I am having difficulty getting the blade parallel to the miter slot, because of how the trunnion assembly is attached to the bottom of the cast iron table top.

I am familiar with Delta Uni Saws where the table top is independent of the blade and trunnion assembly.

On my Craftsman, the trunnion assembly bolts directly to the bottom side of the cast iron table top. It is basically a three piece assembly. The arbor is the center section that raises and lowers the blade (no problem here). I'm having difficulty with the two outer assembles (see link below), because not only do they control the tilt of the blade, but this is how you get the blade parallel to the miter slot. Even with the lock down nut tightened, there is some "play" in this assembly. Where it bolts to the bottom of the cast iron table top, they are shaped like the main bearing caps on an engine block.

Long-story-short, I want to be able to make "spot-on" rip cuts and cross cuts. I'm thinking about using the following method:

1. Tighten the lock nut down. Permanently. Some blue Locktight should do the trick.

2. Try my best to the the blade parallel to the miter slot and perpendicular to the table top using the combination square method for parallel and perpendicular (I do not own a dial indicator, nor can I afford one at the moment).

3. Never ever use the tilt on the blade. This is where the "play" (or slop in the assembly) comes into action.

I hope to be able to use the original fence for rip cuts and build a crosscut sled for crosscuts. If I need to cut an angle or a bevel, I will build a jig. It is so difficult to get the blade parallel to the miter slot on this saw, that I never want to have to adjust it again.

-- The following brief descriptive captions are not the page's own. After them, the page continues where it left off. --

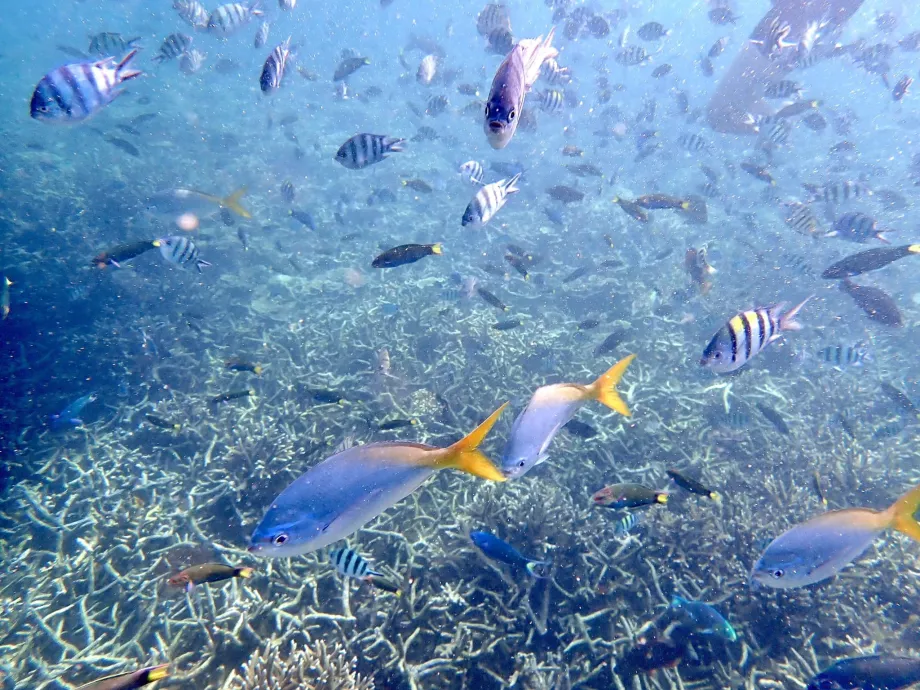 Schnorcheln auf Tioman und Fische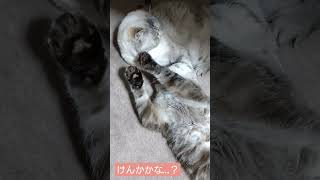 バンザイしてる！？かわいいしぐさなぺちゃ猫たち😆 #エキゾチックショートヘア #鼻ぺちゃ #猫好きさんと繋がりたい #けんか#@fukyureiku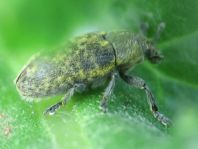 Rhinocyllus conicus, Distel-Kurzrüssler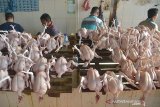 Pengunjung berbelanja daging ayam di pasar tradisional Peunayung, Banda Aceh, Aceh, Minggu (19/4/2020).
 Menurut pedagang menjelang tradisi meugang atau hari memotong ternak menyambut bulan Ramadhan, permintaan daging ayam potong masih sepi, sedangkan harga penjualan stabil Rp35.000 hingga Rp40.000 per ekor menurut ukurannya. Antara Aceh/Ampelsa.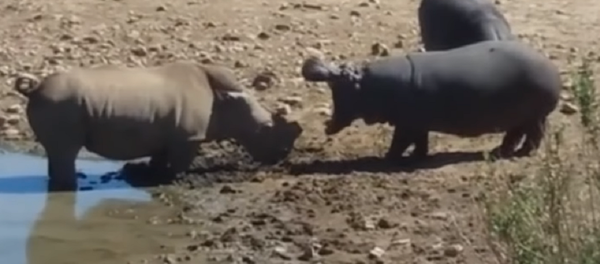 No es lo que parece: un hipopótamo mata a un rinoceronte por beber en su charca No es lo que parece: un hipopótamo mata a un rinoceronte por beber en su charca - Sputnik Mundo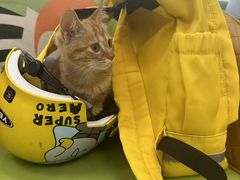 -北京观赏动物医院·24小时大型综合·猫专科·异宠专科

Any suggestions, advice, or input would be greatly appreciated.

Here is a link that shows the exploded assembly with what I'm talking about: http://www.searspartsdirect.com/Craftsman-All-Products-Parts/Model-11324280/0247/0744000/00021131/00001.html

Part #16 in the exploded assembly drawing is what I'm referring to as the "outer assemblies" in the above paragraph.

Thank you in advance for your help.

Sincerely,
Harv


----------



## Ghidrah (Jan 20, 2015)

Just guessing but you'll probably have to flip the saw loosen the arbor nuts then flip it up right. I'd guess you'll probably need a couple extensions to connect up to your ratchet and socket to tighten it down once you line it up.

Or maybe you can remove the elevator handle then remove the side cover to get at the arbor bolts.


----------